Quantitative mixed-valence state identification of metal ions based on fluorescence response of graphene quantum dots

Quantitative identification of mixed-valence metal ions is essential for gaining deeper insights into critical chemical and biological processes in environmental science, chemical engineering, and biological systems. However, a simple approach of quantitative identification mixed-valence metal ions in solution has remained a challenge. In this study, we have experimentally observed a significant linear correlation (R2 = 0.99) between the concentration of high-valence metal ions (using iron ions as an example) and the fluorescence intensity of graphene quantum dots (GQDs). Utilizing the distinct fluorescence responses of GQDs to high-valence and low-valence metal ions, reliable quantitative detection of mixed-valence metal ions has been successfully achieved.

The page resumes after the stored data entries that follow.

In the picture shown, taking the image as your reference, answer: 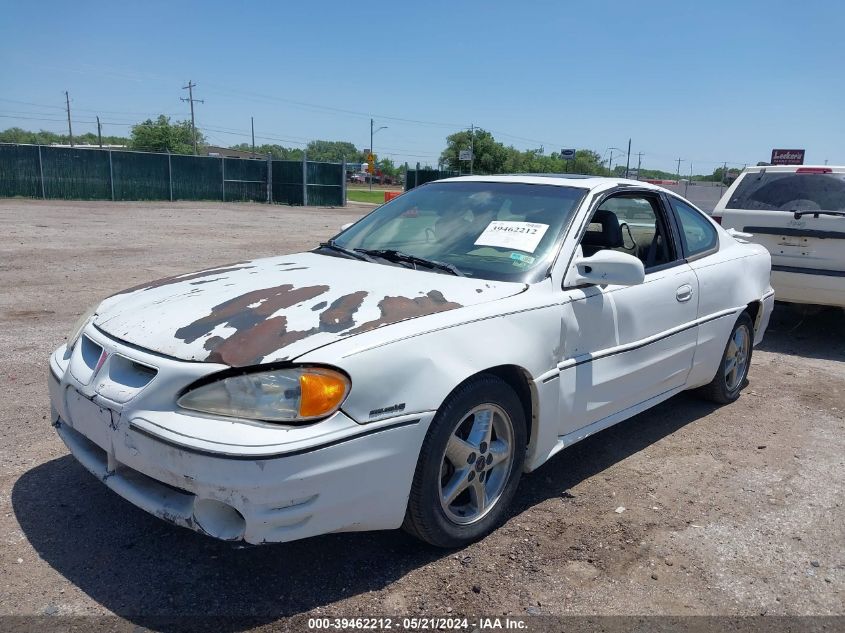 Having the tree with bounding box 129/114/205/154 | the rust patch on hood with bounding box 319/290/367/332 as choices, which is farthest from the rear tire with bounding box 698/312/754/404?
the tree with bounding box 129/114/205/154

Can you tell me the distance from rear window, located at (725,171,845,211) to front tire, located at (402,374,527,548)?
5.48 meters

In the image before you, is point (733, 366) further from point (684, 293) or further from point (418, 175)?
point (418, 175)

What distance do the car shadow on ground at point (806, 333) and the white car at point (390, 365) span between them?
3.36 m

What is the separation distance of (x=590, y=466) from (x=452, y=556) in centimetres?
136

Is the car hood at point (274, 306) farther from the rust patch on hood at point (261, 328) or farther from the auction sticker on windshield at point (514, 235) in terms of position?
the auction sticker on windshield at point (514, 235)

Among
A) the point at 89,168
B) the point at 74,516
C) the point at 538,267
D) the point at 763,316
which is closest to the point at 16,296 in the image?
the point at 74,516

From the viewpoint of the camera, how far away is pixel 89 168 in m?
27.5

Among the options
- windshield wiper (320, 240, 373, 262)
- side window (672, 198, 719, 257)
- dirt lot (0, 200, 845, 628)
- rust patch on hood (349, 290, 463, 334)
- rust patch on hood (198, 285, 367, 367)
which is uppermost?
side window (672, 198, 719, 257)

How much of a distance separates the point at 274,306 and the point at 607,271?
1.62 m

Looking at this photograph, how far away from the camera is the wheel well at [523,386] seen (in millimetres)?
3131

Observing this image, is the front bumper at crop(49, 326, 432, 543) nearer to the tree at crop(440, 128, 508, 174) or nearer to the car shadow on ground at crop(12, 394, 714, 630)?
the car shadow on ground at crop(12, 394, 714, 630)

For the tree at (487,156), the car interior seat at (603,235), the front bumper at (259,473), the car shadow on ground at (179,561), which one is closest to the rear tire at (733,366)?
the car interior seat at (603,235)

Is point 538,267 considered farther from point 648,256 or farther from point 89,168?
point 89,168

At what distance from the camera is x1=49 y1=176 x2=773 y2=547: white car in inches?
97.7
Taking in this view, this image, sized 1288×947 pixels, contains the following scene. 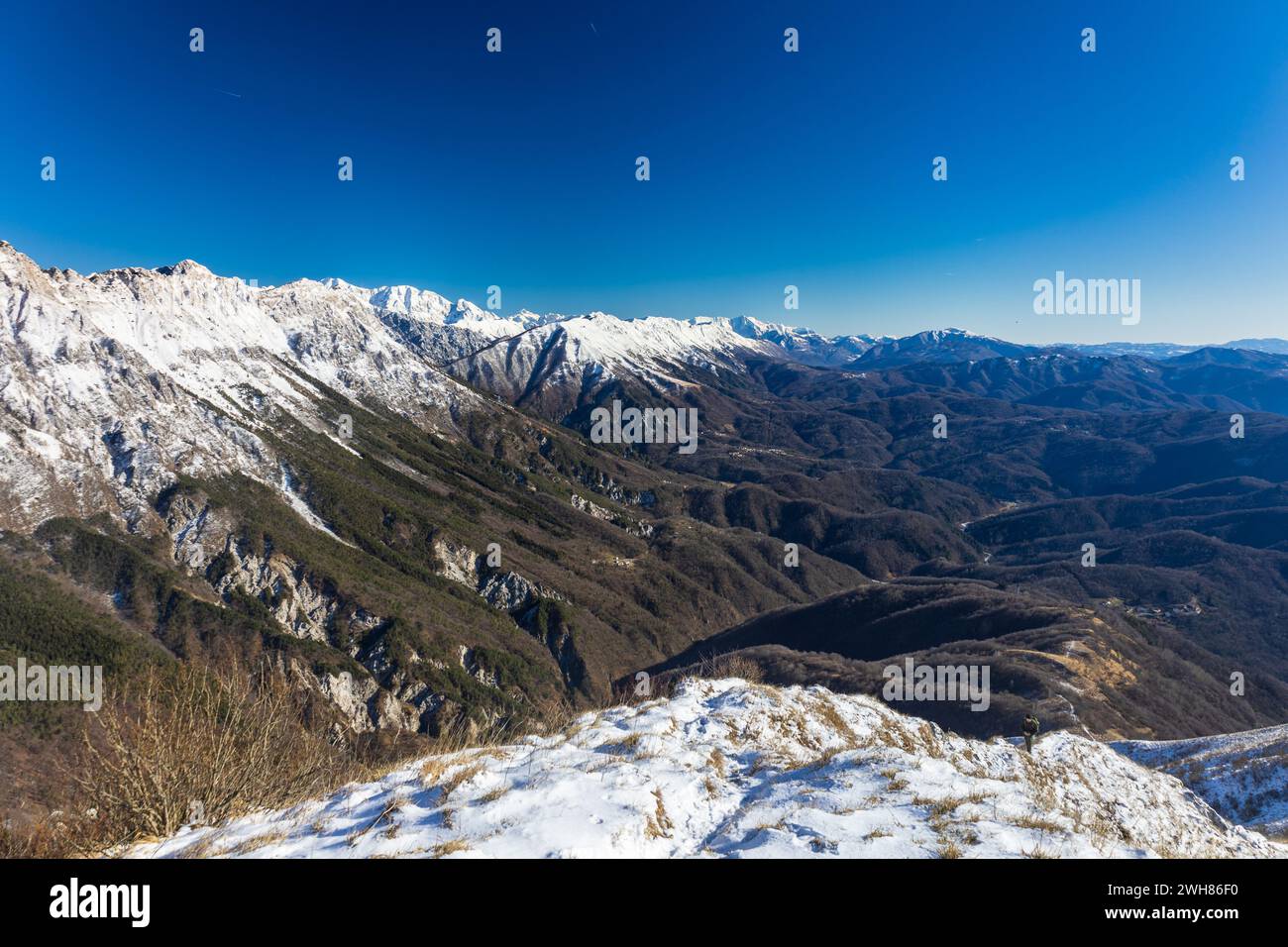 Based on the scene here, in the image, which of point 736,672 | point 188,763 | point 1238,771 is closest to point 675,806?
point 188,763

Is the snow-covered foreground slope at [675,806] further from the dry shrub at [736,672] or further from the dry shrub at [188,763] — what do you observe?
the dry shrub at [736,672]

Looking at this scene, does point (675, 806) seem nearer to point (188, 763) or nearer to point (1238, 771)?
point (188, 763)

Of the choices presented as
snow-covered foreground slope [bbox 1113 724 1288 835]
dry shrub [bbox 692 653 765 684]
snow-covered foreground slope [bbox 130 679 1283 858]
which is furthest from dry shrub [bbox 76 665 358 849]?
snow-covered foreground slope [bbox 1113 724 1288 835]

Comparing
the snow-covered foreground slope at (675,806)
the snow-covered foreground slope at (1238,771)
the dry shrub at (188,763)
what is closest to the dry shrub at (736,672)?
the snow-covered foreground slope at (675,806)

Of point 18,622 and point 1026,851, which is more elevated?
point 1026,851

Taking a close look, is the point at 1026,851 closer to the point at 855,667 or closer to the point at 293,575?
the point at 855,667

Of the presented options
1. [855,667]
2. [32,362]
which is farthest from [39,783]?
[32,362]

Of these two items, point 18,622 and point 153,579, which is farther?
point 153,579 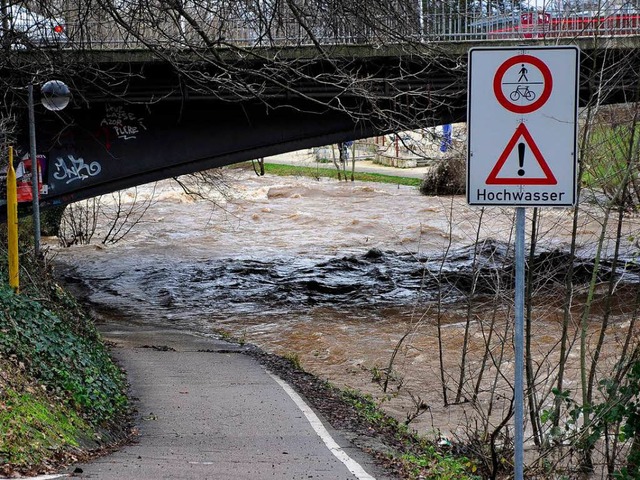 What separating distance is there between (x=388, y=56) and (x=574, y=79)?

Remarkably, we introduced real-time monitoring of mixed-valence metal ions, revealing a shift from a molar ratio of approximately 4.0 to 2.0. Density functional theory calculations have revealed significant differences in charge transfer between high-valence and low-valence states of metal ions adsorbed onto GQDs. Furthermore, the versatility of this method can extend to various types of GQDs and metal ions, highlighting its universal applicability. This work presents a simple, convenient, and cost-effective approach for quantitatively identifying mixed-valence metal ions in solution, offering a new avenue and opportunity for applications in biochemistry, environmental science, catalysis and materials science.